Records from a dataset
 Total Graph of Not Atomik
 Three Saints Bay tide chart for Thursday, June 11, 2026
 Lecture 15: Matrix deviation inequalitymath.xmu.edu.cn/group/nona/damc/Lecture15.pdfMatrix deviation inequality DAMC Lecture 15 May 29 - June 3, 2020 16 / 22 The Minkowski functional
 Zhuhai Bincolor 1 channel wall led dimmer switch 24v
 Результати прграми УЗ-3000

* PROBLEM TO WORK ON:
In the records above, find each line that mentions the string "June", then copy it.

* ANSWER SECTION:
 Three Saints Bay tide chart for Thursday, June 11, 2026
 Lecture 15: Matrix deviation inequalitymath.xmu.edu.cn/group/nona/damc/Lecture15.pdfMatrix deviation inequality DAMC Lecture 15 May 29 - June 3, 2020 16 / 22 The Minkowski functional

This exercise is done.